Ultimate gibberish machine from the Art of Electronics

[maelli01 74]

In the Horowitz/Hill Art of Electronics, third edition, design practices with discrete 74HCxxx, FPGA and Microprocessor are compared and discussed.

As an example, the ultimate gibberish machine is described, a circuit that sends out a succession of pseudorandom bytes, as standard RS232 serial data, with 2 selectable speeds, 9600 / 1200 baud. 

 

Independent of the processor type, the implementation with a small micro and program it in C looks like the clear winner here, smallest engineering effort, lowest hardware effort (have to admit that I do not have the faintest idea about FPGA.)

 

The example in the book used some 8051ish device, so I was wondering on how this would look like on a MSP430/launchpad

 

See my code below, based on the 8051 C code from the book, but adapted to run as low power as possible (LPM3)
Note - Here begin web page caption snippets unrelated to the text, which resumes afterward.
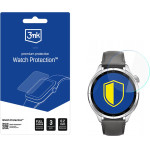 3MK Protection Hybrid Glass 3MK Watch Protection Flexibleglass For Xiaomi Watch S4 - (W-3WPrFG-XWS4-0)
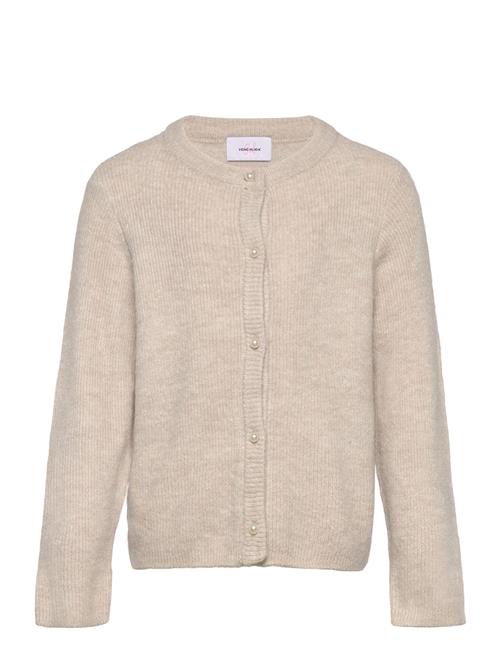 Vero Moda Girl | Vmlefile Ls O-Neck Pearl Cardigan Girl | 122/128
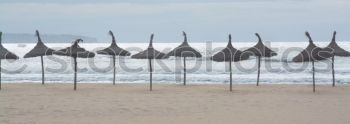 Similar – Image, Stock Photo beach chairs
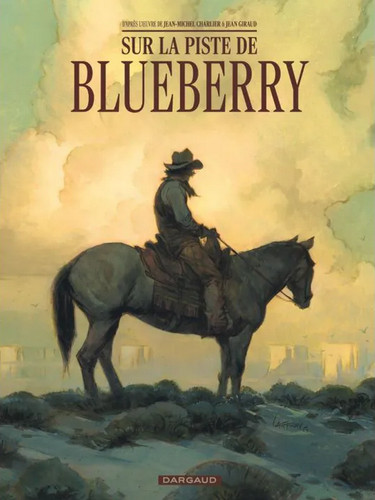 Sur piste de - sur, blueberry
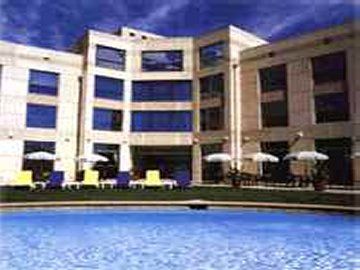 Hotel Costa Real La Serena Exteriör bild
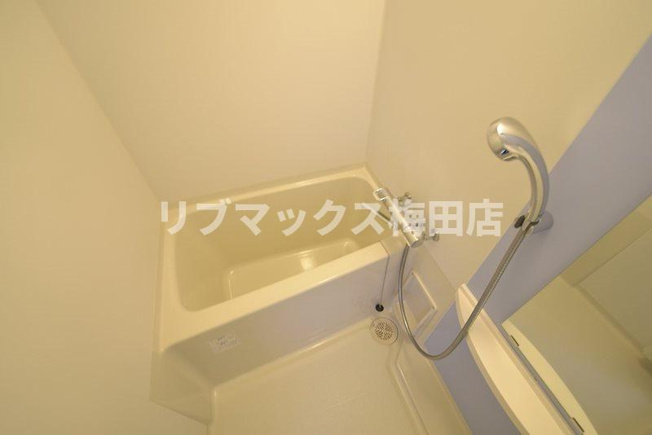 【浴室】エスリード阿波座レジデンス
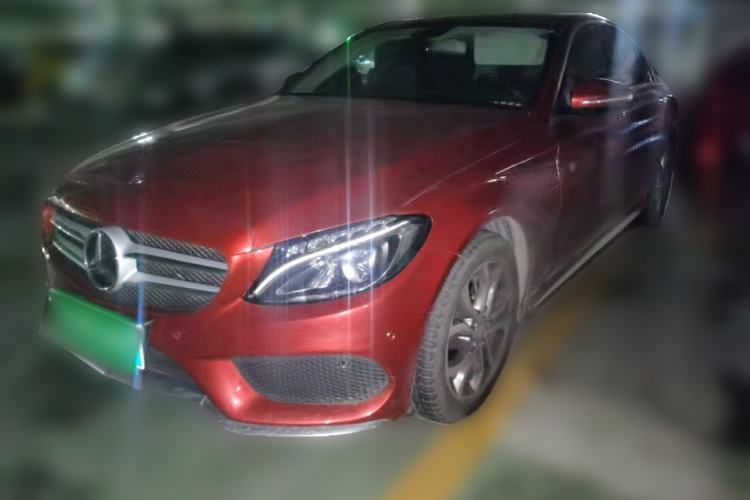 Used Mercedes-Benz C-Class 2016 C 180 L Sport Edition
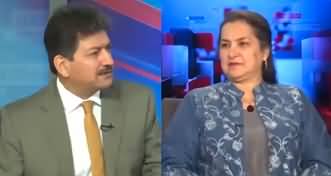 Nasim Zehra @ Pakistan (Election Crisis: What Is the Solution?) - 21st April 2023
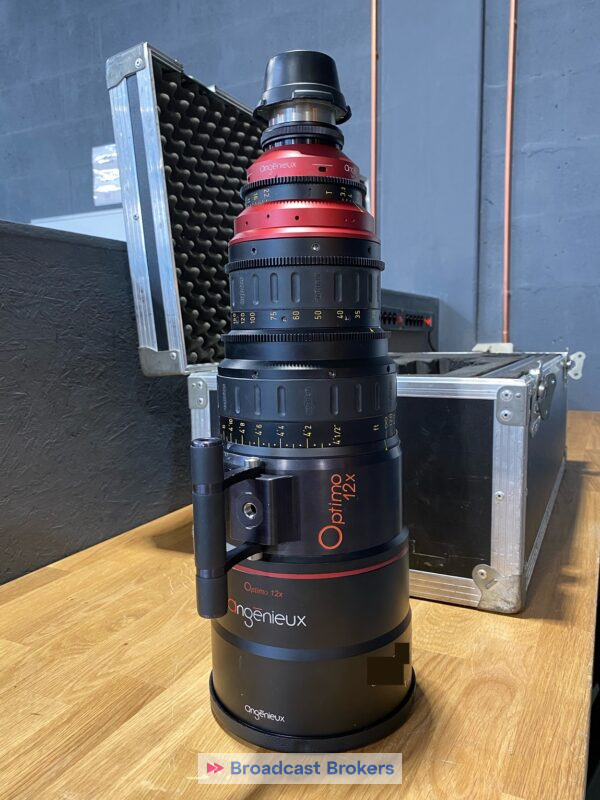 ANGENIEUX OPTIMO 28-340 T3.2 FEET PL
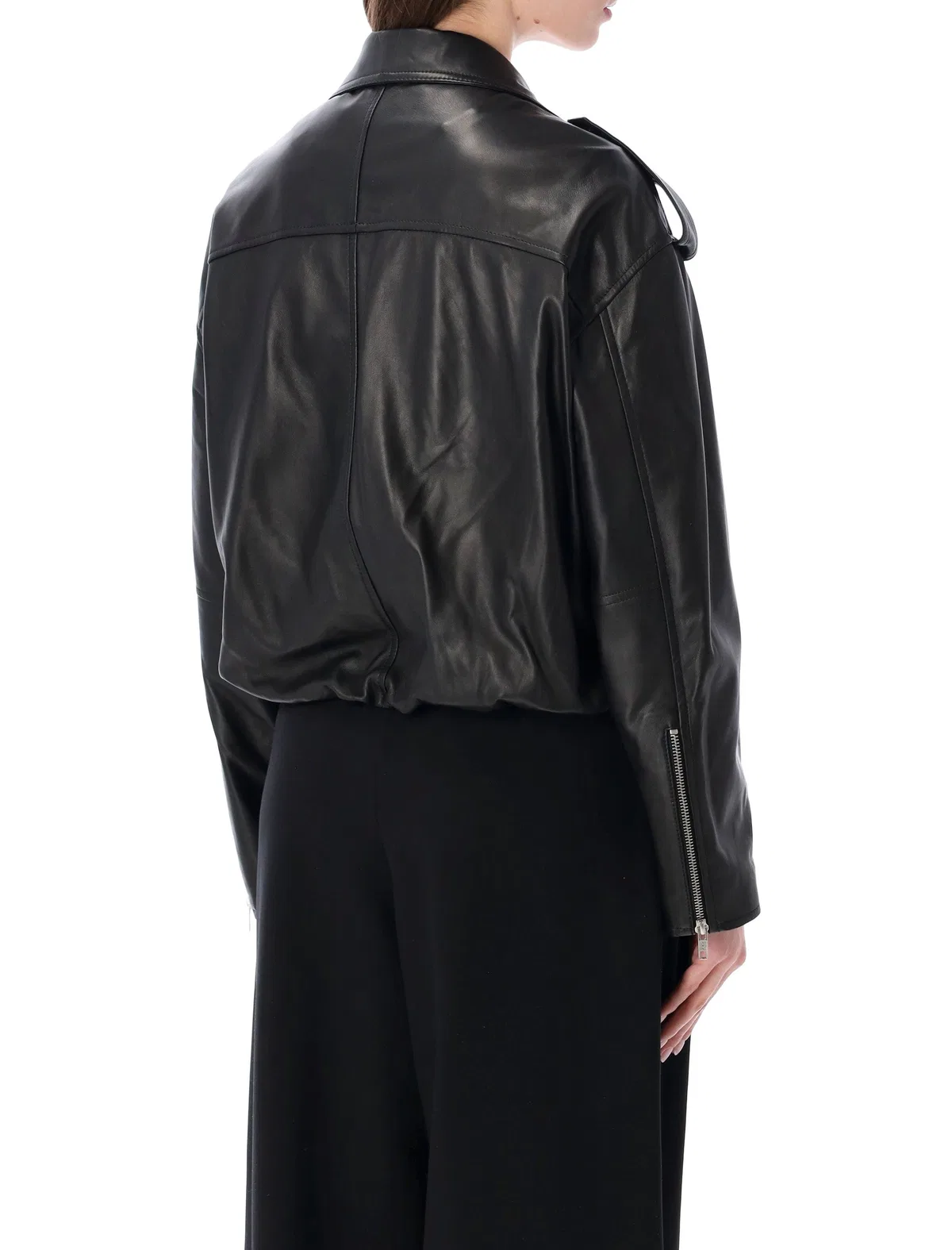 Swd by S.W.O.R.D Swd By S.w.o.r.d. Black Balloon Leather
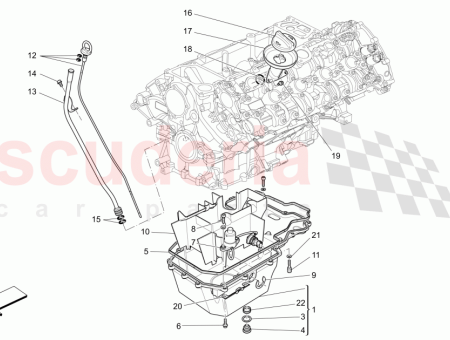Photo of JOINT DE CARTER D HUILE…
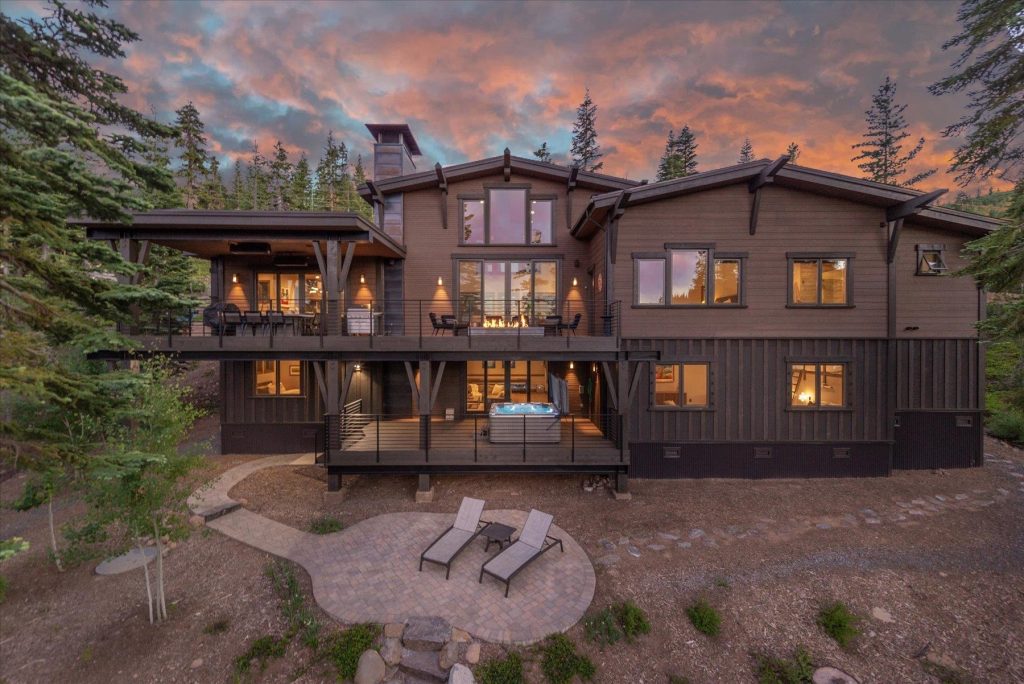Explore Stunning Homes for Sale in Tahoe Donner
The power consuption of this thing is: 40uA at 9600baud, 6uA at 1200baud  

//MSP430G2553LP implementation of the ultimate gibberish machine
//from the art of electronics, third edition, Chapter 11.3.
//Produces a pseudorandom datastream at 9600/1200baud, 8n1

//P1.0 output, sync, processor busy
//P1.2 output, serial pseudorandom data
//P1.3 input,  data rate select (button,at start)
//32768Hz crystal is required

//2016-10-23 maelli01

#include <msp430.h>

unsigned char d,c,b,a=1;

int main(void)
{
  WDTCTL = WDTPW + WDTHOLD;                 // Stop WDT
  P1DIR = ~BIT3; P1REN=BIT3; P1OUT=BIT3;    // all output, except button
  P1SEL = BIT2; P1SEL2=BIT2;                // P1.2=TXD
  P2REN = 0x3F;				    // all unused pins resistor enable
  P3REN = 0xFF;			            // all unused pins resistor enable
  UCA0CTL1 |= UCSSEL_1;                     // CLK = ACLK
  if(P1IN&8){				    // button not pressed: 9600 baud
	  UCA0BR0 = 3;                      // 32768Hz/9600 = 3.41
 	  UCA0MCTL = UCBRS1 + UCBRS0;       // Modulation UCBRSx = 3
  }
  else{					    // button pressed: 1200 baud
	  UCA0BR0 = 27;                     // 32768Hz/1200 = 27.3
	  UCA0MCTL = UCBRS1;                // Modulation UCBRSx = 2
  }
  UCA0BR1 = 0x00;
  UCA0CTL1 &= ~UCSWRST;                     // **Initialize USCI state machine**
  IE2 |= UCA0TXIE;                          // Enable USCI_A0 TX interrupt
  __bis_SR_register(LPM3_bits + GIE);       // Enter LPM3 w/ int
}

#pragma vector=USCIAB0TX_VECTOR
__interrupt void USCI0TX_ISR(void){
  P1OUT |=1;
  UCA0TXBUF=((d<<1)|(c>>7))^c;              // 32 bit pseudorandom generator
  d=c; c=b; b=a; a=UCA0TXBUF;
  P1OUT &=~1;
}